Sunday, May 04, 2014

Stocks vs. Treas. Bonds & "Sell In May"


Stocks have traditionally been vulnerable as springtime wears on because that is normally
when the Fed is completing the unwinding of liquidity it has provided seasonally for the
prior holiday season. Sometimes the drought is made worse by larger than seasonally expected
tax payments. Even with the QE programs, M-1 money supply has had flat spots in the spring.
Now as it turns out, the weekly leading economic indicators have been weak or flat during the
spring months since 2010. Seasoned traders will sometimes take money off the equties table
and plunk it down in longer dated Treasuries during these periods. SPY Spyder vs. $USB

I point this out because M-1 has been flat since late Feb. this year and also because the
weekly leading economic indicators are showing a little weakness here owing primarily to
a jump in initial jobless claims.
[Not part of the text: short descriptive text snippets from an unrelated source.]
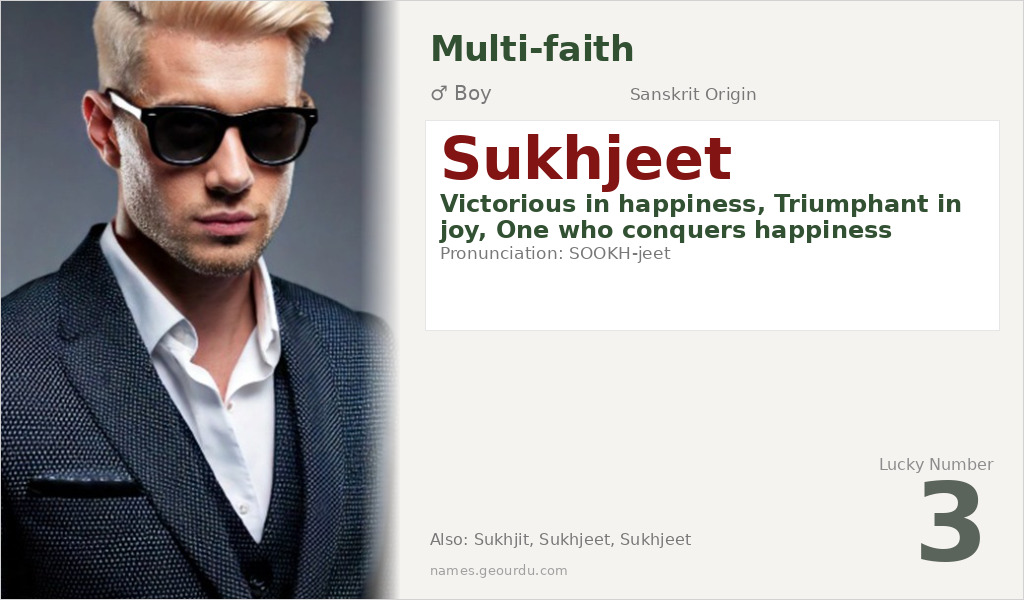 Sukhjeet Name Meaning and Details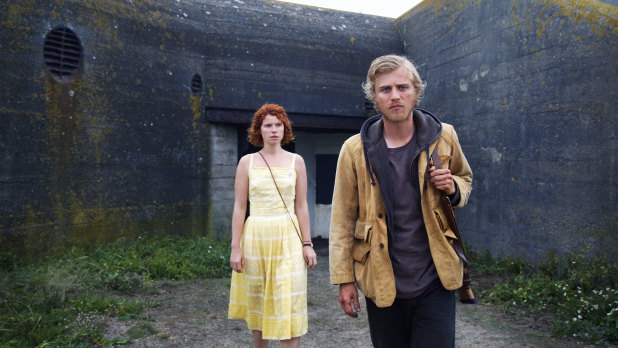 Moll (Jessie Buckley) and Pascal (Johnny Flynn) in Michael Pearce's feature debut <i>Beast</i>.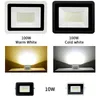 LED Flood Light 10W 20W 30W 50W 100W AC220Vリフレクター屋外スポットライトストリートライトLED外壁ランプ庭用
So the bond market has firmed not only because basic
liquidity is tighter but also because the QE taper is very well underway, with the latter
reflecting concern among some players that economic growth may slow down the road as
a result.

I do not want to make big deal out of this seasonal liquidity and economic indicator weakness
but you should be aware of it. The longer term issue -- whether the taper of QE down to zero
will adversely affect economic growth down the road -- needs a few more months of
evidence from incoming data before it becomes interesting. 

Wednesday, April 30, 2014

Oil Price And Industry Stocks

In the last review on Feb. 27, I made an odd call that the oil price could weaken in the next
few months, perhaps to $95 bl., but that industry stocks could do well on the promise of
faster global economic growth and a more stable uptrend in the price of natural gas. This
turned out to be a good and profitable guess.
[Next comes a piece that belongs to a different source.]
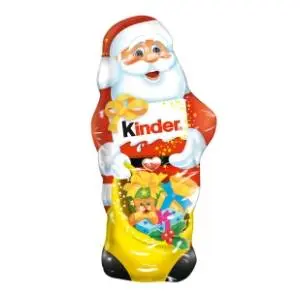 Čokoladni Deda Mraz KINDER 110g slide slika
It could be time to be a bit more edgy about the oil situation. The price of oil is entering a
seasonal period of consolidation / weakness that could last well into July before the normal
final seasonal push higher commences. Not surprisingly then, the uptrend in the WTI crude
price which began early this year has been broken. $WTIC Daily Chart

There is a primary trend channel of $18 per bl. high to low that has been in play since mid -
2009. The current low for the trend channel is now about $95 - 96. Because there is more
supply on hand than I thought there might be now, and because we are moving into a more
challenging period on a seasonal basis, it might not be unreasonable to check and see if
oil can hold the longer term uptrend over the next month or two. Sound overwrought? Well
if you trade oil it might not be at all if there is continuing inventory overhang.

The bottom panel of the chart shows the relative strength of the $XOI oil composite against
the SP 500 Spyder. You can see the stark positive reversal here but note that the relative
strength of the group is just turning a little wobbly after a nice run against the broader market.
Could be the group is setting up to cool off.

Monday, April 28, 2014

Long Treasury Bond Yield %

My main message on the long guy for 2013 was that the run up in the yield was way too
rapid. Players received another warning at year's end when the long T failed to take out
the long term downtrend in yield at 4%. There has been a nice rally in the long bond this
year, with the yield coming down from the 3.95% level to 3.45%. $TYX

The chart shows an important and longstanding fact. When the yield travels too far up or
down from its 200 day m/a, count on a reversal before long. Spreads of 50 basis point often
signal it is time to begin to watch for a reversal in trend. Note that now the long T yield has
moved inside the 200 day m/a. This suggests that the risk to long positions in the bond has
begun to rise.

Note as well the red horizontal line on the chart. In this era of ZIRP and low inflation, I have
used the 3% line to sell long side trades and leave a couple of $ on the table. The green
horizontal line at 3.50% is appropriate for longer term players in this era. It warns the yield
is too low and the price too high to warrant long term positions given that  the ZIRP / low
inflation era is likely to have a rather limited duration.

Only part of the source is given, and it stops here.